What you need to do: Transcribe all the material exactly. Leave every line as it is.

Source records:
::::
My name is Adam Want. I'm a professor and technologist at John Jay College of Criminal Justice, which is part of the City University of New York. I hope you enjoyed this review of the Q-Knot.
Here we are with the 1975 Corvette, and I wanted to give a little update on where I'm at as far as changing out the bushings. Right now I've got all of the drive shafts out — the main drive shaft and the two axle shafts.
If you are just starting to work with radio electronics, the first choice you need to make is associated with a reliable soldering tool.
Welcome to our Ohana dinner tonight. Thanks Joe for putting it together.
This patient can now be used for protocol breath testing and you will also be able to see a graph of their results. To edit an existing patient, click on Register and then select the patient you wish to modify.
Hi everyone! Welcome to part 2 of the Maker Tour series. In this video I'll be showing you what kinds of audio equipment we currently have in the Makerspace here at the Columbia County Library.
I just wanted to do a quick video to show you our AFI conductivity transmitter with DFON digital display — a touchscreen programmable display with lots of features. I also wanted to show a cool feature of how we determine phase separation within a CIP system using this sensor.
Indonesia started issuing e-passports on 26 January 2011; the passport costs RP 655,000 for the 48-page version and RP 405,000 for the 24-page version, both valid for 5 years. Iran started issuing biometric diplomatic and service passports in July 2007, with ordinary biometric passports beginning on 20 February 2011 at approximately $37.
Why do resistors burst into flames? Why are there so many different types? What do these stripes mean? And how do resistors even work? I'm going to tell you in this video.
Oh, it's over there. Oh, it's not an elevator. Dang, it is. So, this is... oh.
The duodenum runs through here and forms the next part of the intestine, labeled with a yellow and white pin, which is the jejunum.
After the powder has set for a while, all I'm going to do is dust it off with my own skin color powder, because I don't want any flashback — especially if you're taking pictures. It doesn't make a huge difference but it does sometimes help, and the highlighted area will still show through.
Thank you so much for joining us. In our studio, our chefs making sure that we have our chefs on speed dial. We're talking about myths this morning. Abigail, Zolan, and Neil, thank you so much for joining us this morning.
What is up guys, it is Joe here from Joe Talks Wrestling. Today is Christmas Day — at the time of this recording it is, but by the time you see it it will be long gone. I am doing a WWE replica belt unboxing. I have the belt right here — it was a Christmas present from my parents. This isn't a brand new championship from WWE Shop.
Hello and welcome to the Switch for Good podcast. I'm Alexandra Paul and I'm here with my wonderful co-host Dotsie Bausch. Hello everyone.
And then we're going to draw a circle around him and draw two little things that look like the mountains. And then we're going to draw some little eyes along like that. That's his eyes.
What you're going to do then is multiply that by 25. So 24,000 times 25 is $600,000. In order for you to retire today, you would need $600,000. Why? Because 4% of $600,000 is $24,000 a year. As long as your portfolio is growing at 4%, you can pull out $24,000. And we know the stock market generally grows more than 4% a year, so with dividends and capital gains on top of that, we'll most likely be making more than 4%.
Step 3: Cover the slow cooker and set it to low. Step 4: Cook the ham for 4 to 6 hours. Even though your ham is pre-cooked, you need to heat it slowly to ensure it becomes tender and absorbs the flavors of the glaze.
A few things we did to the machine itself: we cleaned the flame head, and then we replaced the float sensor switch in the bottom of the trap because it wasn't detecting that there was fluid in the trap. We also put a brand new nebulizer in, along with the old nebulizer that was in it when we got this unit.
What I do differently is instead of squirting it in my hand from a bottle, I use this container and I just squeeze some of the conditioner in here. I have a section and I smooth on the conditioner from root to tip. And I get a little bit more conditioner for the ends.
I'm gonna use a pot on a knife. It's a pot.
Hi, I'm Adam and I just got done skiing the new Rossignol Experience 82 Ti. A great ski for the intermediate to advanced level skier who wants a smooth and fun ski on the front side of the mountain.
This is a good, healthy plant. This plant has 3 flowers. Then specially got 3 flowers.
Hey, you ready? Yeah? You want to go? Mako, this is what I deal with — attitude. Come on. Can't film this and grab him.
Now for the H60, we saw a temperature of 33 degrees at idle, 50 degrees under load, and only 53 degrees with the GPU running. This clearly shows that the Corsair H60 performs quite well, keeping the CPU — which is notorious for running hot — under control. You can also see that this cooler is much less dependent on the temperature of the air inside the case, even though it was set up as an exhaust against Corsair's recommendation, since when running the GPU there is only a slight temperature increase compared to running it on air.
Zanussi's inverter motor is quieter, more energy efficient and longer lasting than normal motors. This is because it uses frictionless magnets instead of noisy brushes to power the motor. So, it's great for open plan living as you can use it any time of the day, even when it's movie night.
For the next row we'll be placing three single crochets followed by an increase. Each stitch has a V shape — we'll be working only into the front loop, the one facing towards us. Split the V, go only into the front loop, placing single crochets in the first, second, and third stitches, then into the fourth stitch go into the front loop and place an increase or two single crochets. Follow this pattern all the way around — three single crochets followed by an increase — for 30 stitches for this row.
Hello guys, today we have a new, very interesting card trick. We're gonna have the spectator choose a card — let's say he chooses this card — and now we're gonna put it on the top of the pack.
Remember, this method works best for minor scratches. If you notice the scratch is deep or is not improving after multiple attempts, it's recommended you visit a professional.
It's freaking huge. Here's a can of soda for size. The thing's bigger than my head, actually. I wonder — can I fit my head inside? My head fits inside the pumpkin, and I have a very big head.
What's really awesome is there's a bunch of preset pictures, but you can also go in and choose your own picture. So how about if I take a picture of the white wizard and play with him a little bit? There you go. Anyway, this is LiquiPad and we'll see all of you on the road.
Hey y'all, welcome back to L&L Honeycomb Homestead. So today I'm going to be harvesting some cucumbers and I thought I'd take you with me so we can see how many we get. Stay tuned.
::::
Your solution:
My name is Adam Want. I'm a professor and technologist at John Jay College of Criminal Justice, which is part of the City University of New York. I hope you enjoyed this review of the Q-Knot.
Here we are with the 1975 Corvette, and I wanted to give a little update on where I'm at as far as changing out the bushings. Right now I've got all of the drive shafts out — the main drive shaft and the two axle shafts.
If you are just starting to work with radio electronics, the first choice you need to make is associated with a reliable soldering tool.
Welcome to our Ohana dinner tonight. Thanks Joe for putting it together.
This patient can now be used for protocol breath testing and you will also be able to see a graph of their results. To edit an existing patient, click on Register and then select the patient you wish to modify.
Hi everyone! Welcome to part 2 of the Maker Tour series. In this video I'll be showing you what kinds of audio equipment we currently have in the Makerspace here at the Columbia County Library.
I just wanted to do a quick video to show you our AFI conductivity transmitter with DFON digital display — a touchscreen programmable display with lots of features. I also wanted to show a cool feature of how we determine phase separation within a CIP system using this sensor.
Indonesia started issuing e-passports on 26 January 2011; the passport costs RP 655,000 for the 48-page version and RP 405,000 for the 24-page version, both valid for 5 years. Iran started issuing biometric diplomatic and service passports in July 2007, with ordinary biometric passports beginning on 20 February 2011 at approximately $37.
Why do resistors burst into flames? Why are there so many different types? What do these stripes mean? And how do resistors even work? I'm going to tell you in this video.
Oh, it's over there. Oh, it's not an elevator. Dang, it is. So, this is... oh.
The duodenum runs through here and forms the next part of the intestine, labeled with a yellow and white pin, which is the jejunum.
After the powder has set for a while, all I'm going to do is dust it off with my own skin color powder, because I don't want any flashback — especially if you're taking pictures. It doesn't make a huge difference but it does sometimes help, and the highlighted area will still show through.
Thank you so much for joining us. In our studio, our chefs making sure that we have our chefs on speed dial. We're talking about myths this morning. Abigail, Zolan, and Neil, thank you so much for joining us this morning.
What is up guys, it is Joe here from Joe Talks Wrestling. Today is Christmas Day — at the time of this recording it is, but by the time you see it it will be long gone. I am doing a WWE replica belt unboxing. I have the belt right here — it was a Christmas present from my parents. This isn't a brand new championship from WWE Shop.
Hello and welcome to the Switch for Good podcast. I'm Alexandra Paul and I'm here with my wonderful co-host Dotsie Bausch. Hello everyone.
And then we're going to draw a circle around him and draw two little things that look like the mountains. And then we're going to draw some little eyes along like that. That's his eyes.
What you're going to do then is multiply that by 25. So 24,000 times 25 is $600,000. In order for you to retire today, you would need $600,000. Why? Because 4% of $600,000 is $24,000 a year. As long as your portfolio is growing at 4%, you can pull out $24,000. And we know the stock market generally grows more than 4% a year, so with dividends and capital gains on top of that, we'll most likely be making more than 4%.
Step 3: Cover the slow cooker and set it to low. Step 4: Cook the ham for 4 to 6 hours. Even though your ham is pre-cooked, you need to heat it slowly to ensure it becomes tender and absorbs the flavors of the glaze.
A few things we did to the machine itself: we cleaned the flame head, and then we replaced the float sensor switch in the bottom of the trap because it wasn't detecting that there was fluid in the trap. We also put a brand new nebulizer in, along with the old nebulizer that was in it when we got this unit.
What I do differently is instead of squirting it in my hand from a bottle, I use this container and I just squeeze some of the conditioner in here. I have a section and I smooth on the conditioner from root to tip. And I get a little bit more conditioner for the ends.
I'm gonna use a pot on a knife. It's a pot.
Hi, I'm Adam and I just got done skiing the new Rossignol Experience 82 Ti. A great ski for the intermediate to advanced level skier who wants a smooth and fun ski on the front side of the mountain.
This is a good, healthy plant. This plant has 3 flowers. Then specially got 3 flowers.
Hey, you ready? Yeah? You want to go? Mako, this is what I deal with — attitude. Come on. Can't film this and grab him.
Now for the H60, we saw a temperature of 33 degrees at idle, 50 degrees under load, and only 53 degrees with the GPU running. This clearly shows that the Corsair H60 performs quite well, keeping the CPU — which is notorious for running hot — under control. You can also see that this cooler is much less dependent on the temperature of the air inside the case, even though it was set up as an exhaust against Corsair's recommendation, since when running the GPU there is only a slight temperature increase compared to running it on air.
Zanussi's inverter motor is quieter, more energy efficient and longer lasting than normal motors. This is because it uses frictionless magnets instead of noisy brushes to power the motor. So, it's great for open plan living as you can use it any time of the day, even when it's movie night.
For the next row we'll be placing three single crochets followed by an increase. Each stitch has a V shape — we'll be working only into the front loop, the one facing towards us. Split the V, go only into the front loop, placing single crochets in the first, second, and third stitches, then into the fourth stitch go into the front loop and place an increase or two single crochets. Follow this pattern all the way around — three single crochets followed by an increase — for 30 stitches for this row.
Hello guys, today we have a new, very interesting card trick. We're gonna have the spectator choose a card — let's say he chooses this card — and now we're gonna put it on the top of the pack.
Remember, this method works best for minor scratches. If you notice the scratch is deep or is not improving after multiple attempts, it's recommended you visit a professional.
It's freaking huge. Here's a can of soda for size. The thing's bigger than my head, actually. I wonder — can I fit my head inside? My head fits inside the pumpkin, and I have a very big head.
What's really awesome is there's a bunch of preset pictures, but you can also go in and choose your own picture. So how about if I take a picture of the white wizard and play with him a little bit? There you go. Anyway, this is LiquiPad and we'll see all of you on the road.
Hey y'all, welcome back to L&L Honeycomb Homestead. So today I'm going to be harvesting some cucumbers and I thought I'd take you with me so we can see how many we get. Stay tuned.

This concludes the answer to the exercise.